ACROSS AMERICA — The Food and Drug Administration is under mounting pressure amid a historic blood shortage to end a longstanding rule that requires abstinence from gay or bisexual men before they give blood.

The American Red Cross earlier this week said it is in the midst of a "national blood crisis," and asked Americans to roll up their sleeves and give blood to replenish the blood reserve, which usually maintains a five-day supply, but currently has a less than one-day supply. The shortage, occurring two years into the coronavirus pandemic, is forcing doctors to delay life-saving treatments for those in need.

Twenty-two U.S. senators wrote a letter to the FDA, the regulatory agency responsible for oversight of the nation's blood supply, and the Department of Health and Human Services asking them to replace what they said is a "discriminatory" rule.

"We must adopt evidence-based policies focused on assessment of an individual's risk, not inaccurate and antiquated stereotypes," they wrote, asking for a briefing next month on whether the FDA plans to update its blood donation policies.

The U.S. Centers for Disease Control and Prevention already requires that before donated blood is added to the reserve, it must be thoroughly tested for infectious disease pathogens, including HIV and Hepatitis C. The American Red Cross estimates the risk of a U.S. patient getting a transfusion of donated HIV-positive blood at 1 in 1.5 million.

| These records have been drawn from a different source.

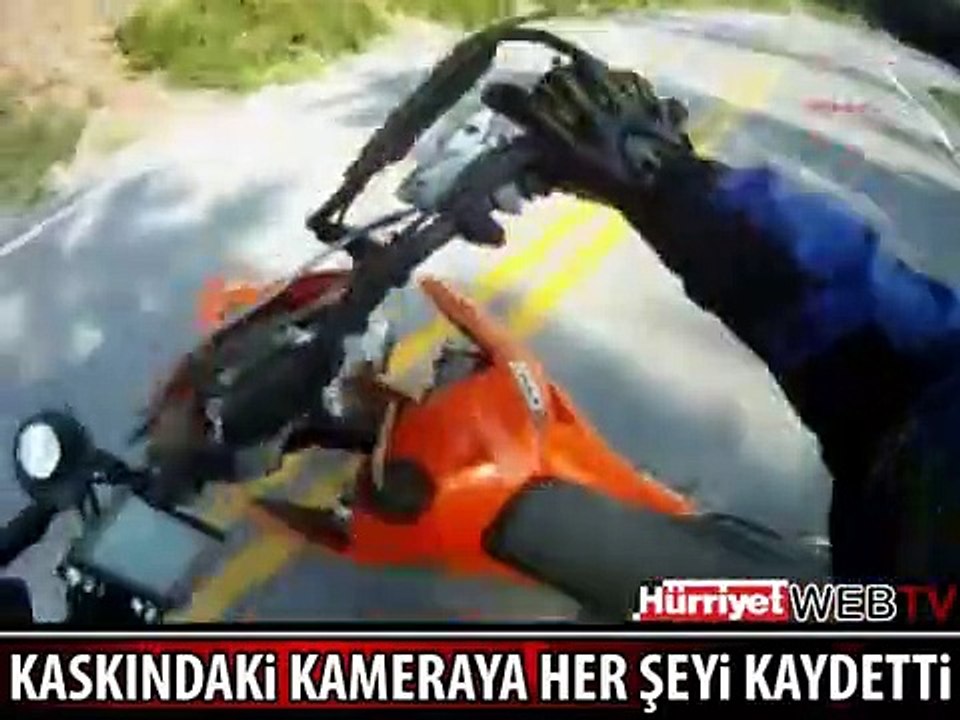 GEYİĞE BÖYLE ÇARPTI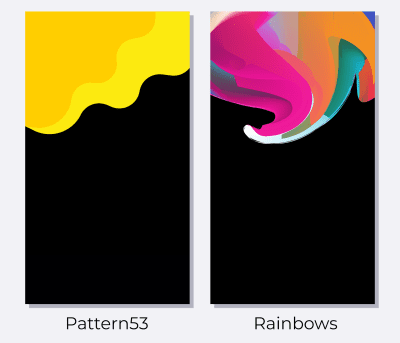 Screenshot of the application AmoledWalls - #4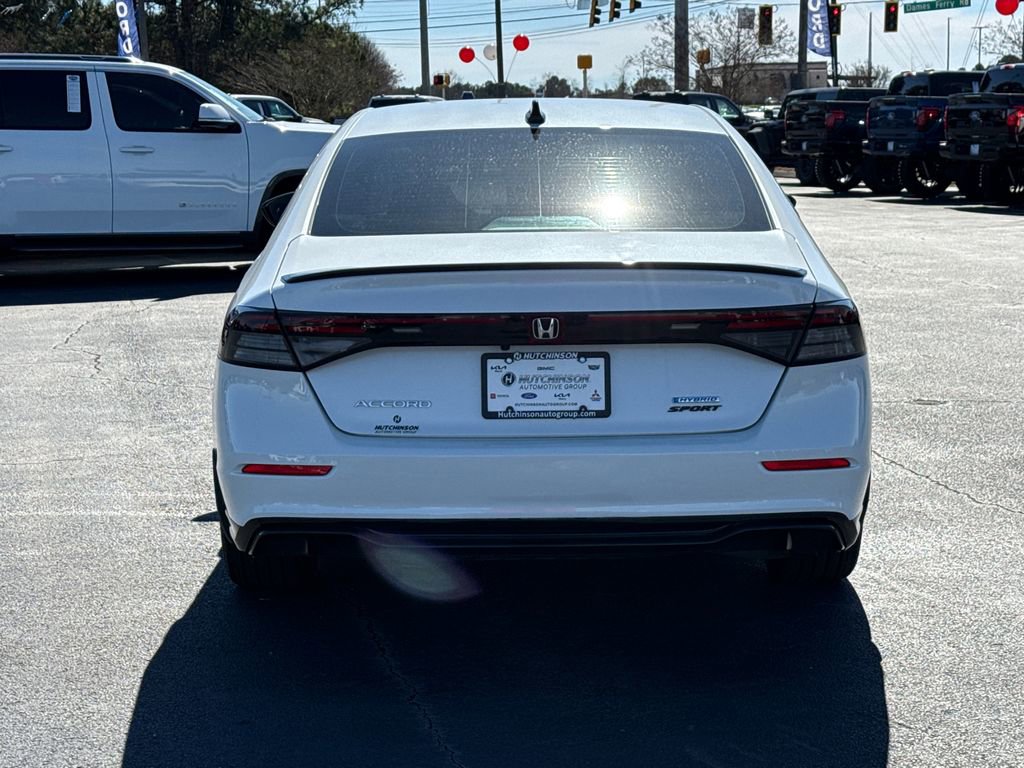 Used 2025 Honda Accord Sport image 6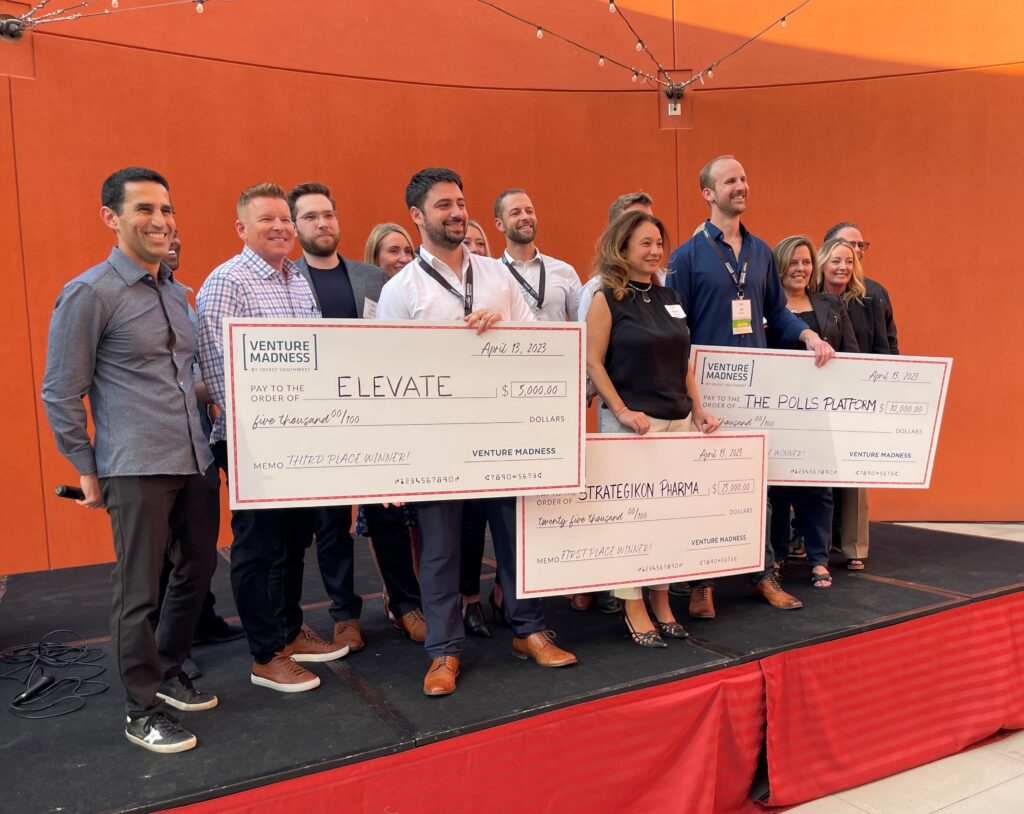 Strategikon Pharma wins Venture Madness 2023 with K prize in Phoenix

The senators noted in their letter that worldwide, other countries have "led on this issue by scrapping their discriminatory blood donation policies." In October, Israel lifted all restrictions on blood donations by gay and bisexual men, and last month, Canada's blood regulatory agency proposed removing all screening questions focused on gender and sexuality.

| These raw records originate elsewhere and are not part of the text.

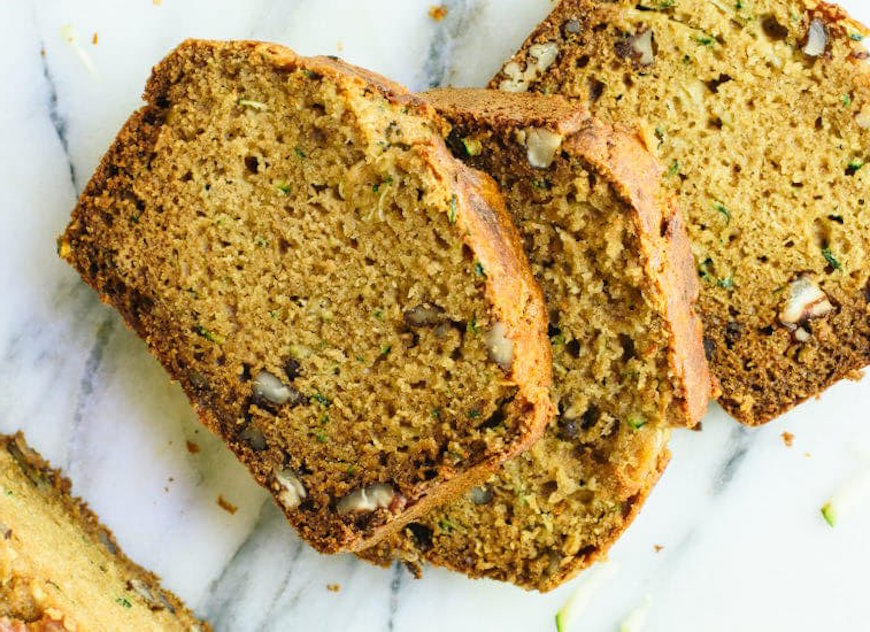 Zucchini-Brot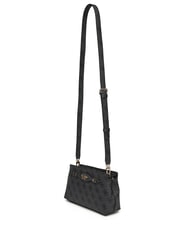 GUESS KATYA Mini-Schultertasche Kohle - Damentaschen - 3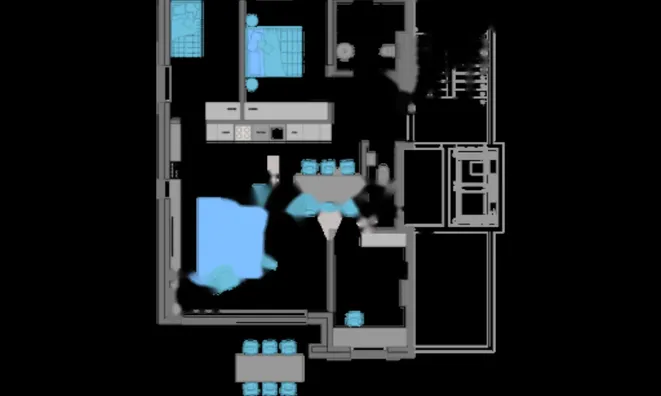 Недвижимость Квартира в Изоле: 3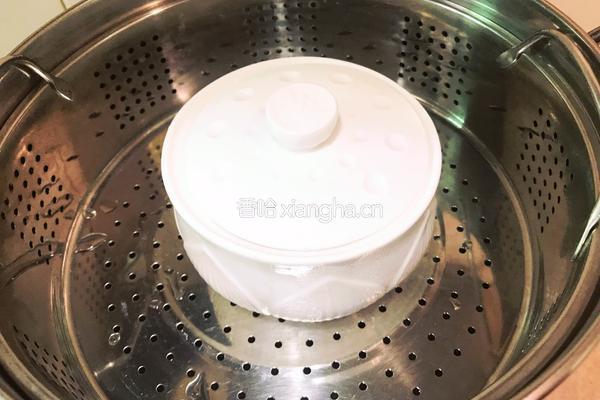 双红补血汤（红薯蒸红枣）的做法图解4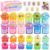 LovesTown 24 Pack Butter & Crystal Slime Kit, Party Favors for Kids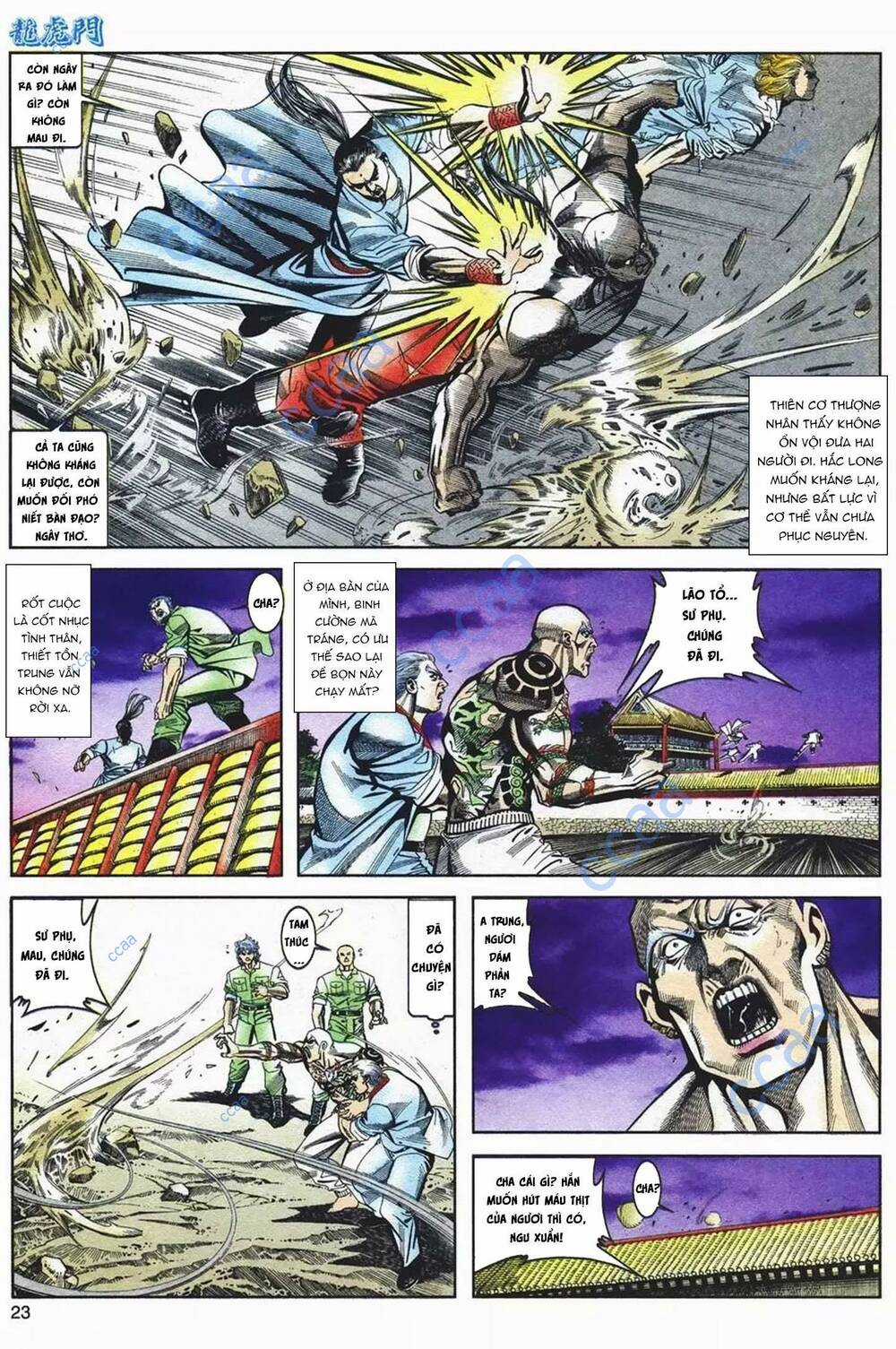 Cựu Tác Long Hổ Môn - Chapter 1079 - Trang 23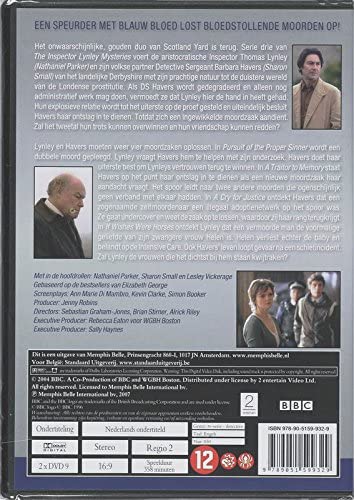 Inspector Lynley mysteries - Seizoen 3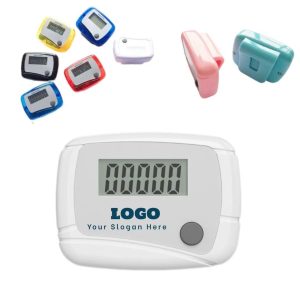 Multi-Color Sports Pedometer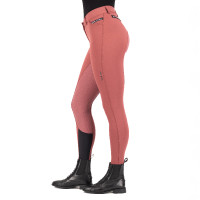 Pantalon d'équitation Euro-Star Arista Fashion Diamond FullGrip Zinfadel Bordeaux Pantalon d'équitation Euro-Star Arista Fashion Diamond FullGrip Zinfadel Bordeaux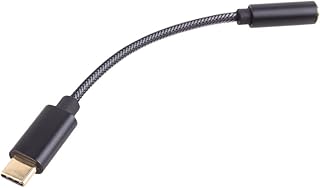 Beavorty Adaptador De Fones De Ouvido Adaptador USB Adaptador De Fone De Ouvido USB C Adaptador De Fone De Ouvido USB C Adaptador De Fone De Ouvido Para Tecer Bandana Adaptador De Fone De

Pressure to modernize blood donation regulations in keeping with scientific research also coming from the Human Rights Campaign, the nation's largest LGBTQ civil rights group, which said in a statement the current policy is "outdated" and "does not reflect the state of the science, and continues to unfairly stigmatize one segment of society."

A 2014 study from the Williams Institute at UCLA said that if restrictions on blood donations by men having sex with men were eliminated entirely, it would increase the total annual blood supply by 2 percent to 4 percent, adding between 345,000 to 615,300 pints of blood every year.

A pint of blood can save three lives, according to the Red Cross.

The FDA outright banned gay and bisexual men from donating blood in 1983 in the early days of the HIV/AIDS epidemic, then in 2015 amended the policy to allow them to donate blood after abstaining from sex for a year. The period of abstinence was amended again to three months in April 2020 after blood donations dropped off in the early days of the coronavirus pandemic.